This boils down to a combination of two things when sliding sync calculates the set of rooms the user is interested in:

  1. get_sliding_sync_rooms_for_user explicitly does not return rooms the user has left. This is for performance, as large accounts often have a huge number of left rooms.
  2. _get_newly_joined_and_left_rooms, which adds back in rooms that the user has newly left, uses the current_state_delta_stream table to pick up changes in membership. However, the current state only is filled out for rooms the server is in, and so doesn't pick up out-of-band leaves (including locally rejected invites).

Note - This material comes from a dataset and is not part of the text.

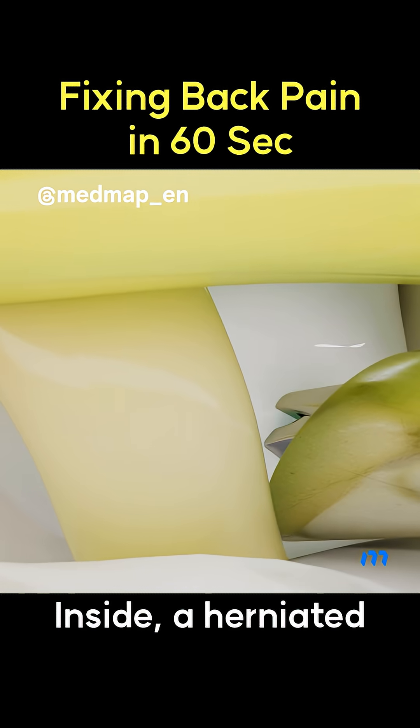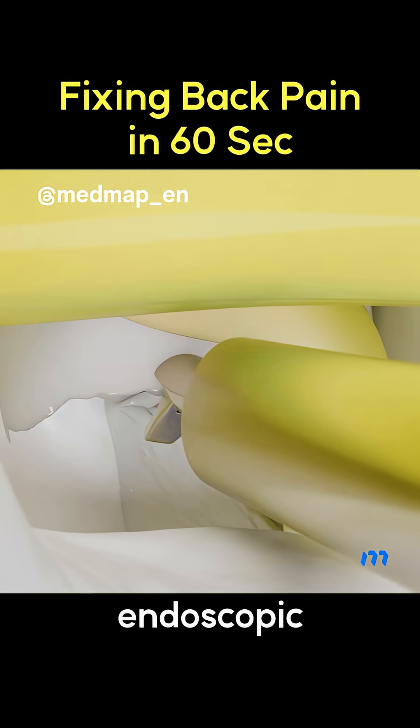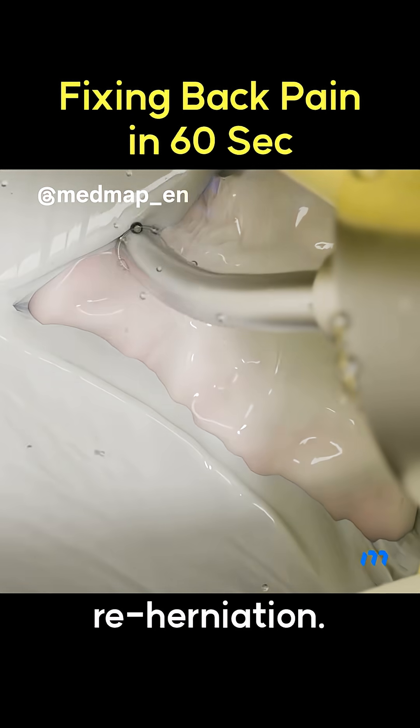Inside, a herniated disc is found pressing the nerve. With precise tools, the disc fragment is grasped and removed using endoscopic forceps, confirming complete removal. The torn disc wall is sealed with heat to prevent re-herniation.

erikjohnston avatar Mar 26 '25 13:03 erikjohnston

A WIP is here: https://github.com/element-hq/synapse/compare/erikj/ss_reject_invites

A few things left to do (beyond cleaning it up), see # TODO in the code:

  1. Correctly filter out membership "changes" caused by display name changes (which causes JOIN -> JOIN)
  2. Add an index
  3. In get_room_sync_data we need to pull out the membership change

erikjohnston avatar Mar 28 '25 16:03 erikjohnston

I added a commit to that branch that I think accomplishes 1 & 3 from the list above & fixes the linter errors. It also expands the unit test to validate the response actually contains the leave as expected.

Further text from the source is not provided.